Clustering index documents via vector search?

164 views Asked by At

I'm wondering if there's anything already built into the Cognitive Search vector index to return clusters of similar embeddings, or if that would still be left up to the developer (i.e. us) to run an offline algorithm on the embeddings directly?

I know I can get on-demand clusters, essentially, by running a similarity search from one embedding, but I'm looking to take a set of document embeddings and identify similar clusters so we can auto-generate collections of documents which may be topically related.

Something like this: https://dylancastillo.co/clustering-documents-with-openai-langchain-hdbscan

My assumption is that this would be something for us to handle, but I wanted to make sure this wasn't available already in Cognitive Search.

1

There are 1 answers

0
Robert - MSFT On

The problem is the HNSW graph structure is not optimized for clustering applications since it focuses on finding nearest neighbors efficiently. As a result, the hierarchical near world graph structure doesn't make any guarantees that all nearest neighbors will be within a certain distance in the graph from a given node, making navigating the graph to identify clusters suboptimal.

Conversely, clustering usually involves organizing data points into separate and well-defined groups with good separation, compactness, robustness, size, etc.

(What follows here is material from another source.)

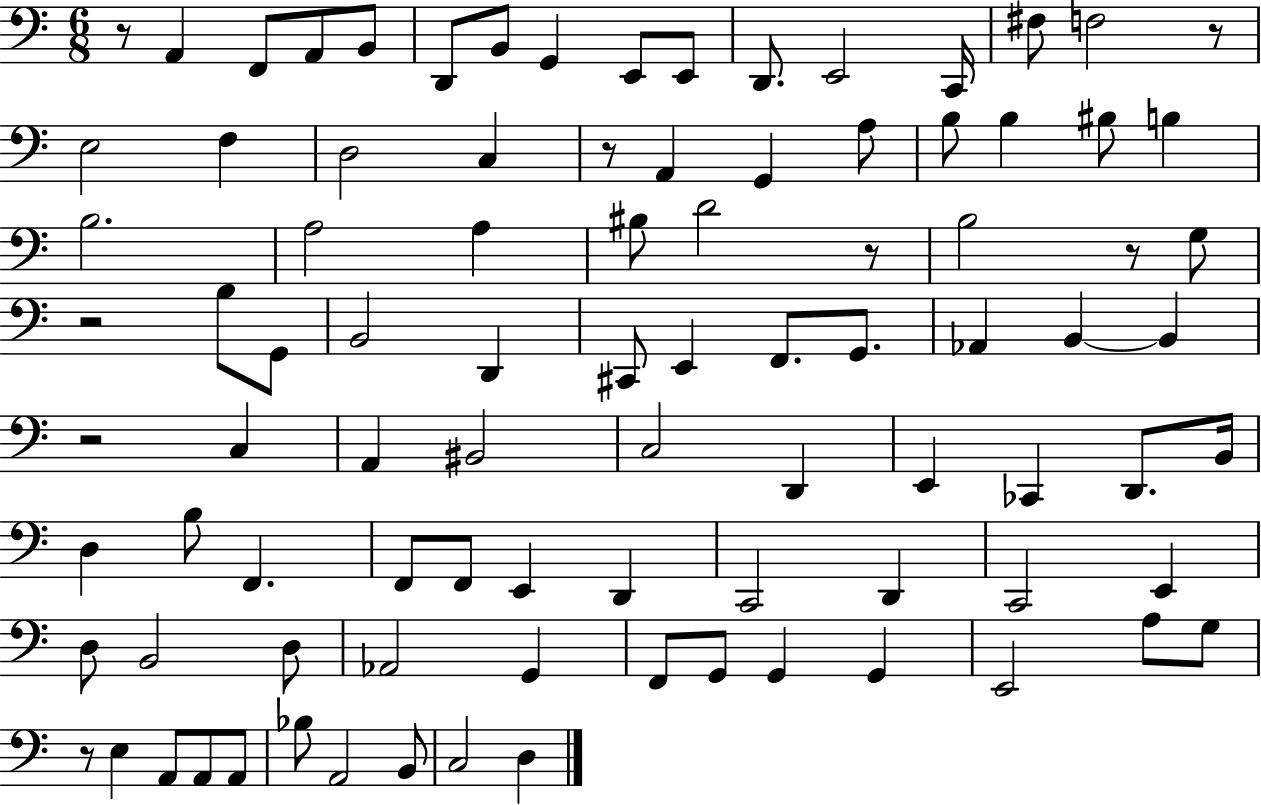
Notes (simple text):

R/e A2/q F2/e A2/e B2/e D2/e B2/e G2/q E2/e E2/e D2/e. E2/h C2/s F#3/e F3/h R/e E3/h F3/q D3/h C3/q R/e A2/q G2/q A3/e B3/e B3/q BIS3/e B3/q B3/h. A3/h A3/q BIS3/e D4/h R/e B3/h R/e G3/e R/h B3/e G2/e B2/h D2/q C#2/e E2/q F2/e. G2/e. Ab2/q B2/q B2/q R/h C3/q A2/q BIS2/h C3/h D2/q E2/q CES2/q D2/e. B2/s D3/q B3/e F2/q. F2/e F2/e E2/q D2/q C2/h D2/q C2/h E2/q D3/e B2/h D3/e Ab2/h G2/q F2/e G2/e G2/q G2/q E2/h A3/e G3/e R/e E3/q A2/e A2/e A2/e Bb3/e A2/h B2/e C3/h D3/q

If you're looking for such clustering applications, consider running dedicated clustering algorithms on the vector corpus such as k-means, DBSCAN (Density-Based Spatial Clustering of Applications with Noise), or AgglomerativeClustering. All of these are available using scikit.learn.

You might also be able to run an "ad-hoc clustering" using your hnsw index by retrieving a larger set of k approximate nearest neighbors for a given query point, then run a clustering algorithm to see if there are good group separation of those points. Then you can identify which group your query point belongs to and use that as the cluster. This may help handle the case where your query point may not be centered in a particular cluster (whose distribution you don't know yet), and thus the "nearest neighbors" may contain points in other clusters.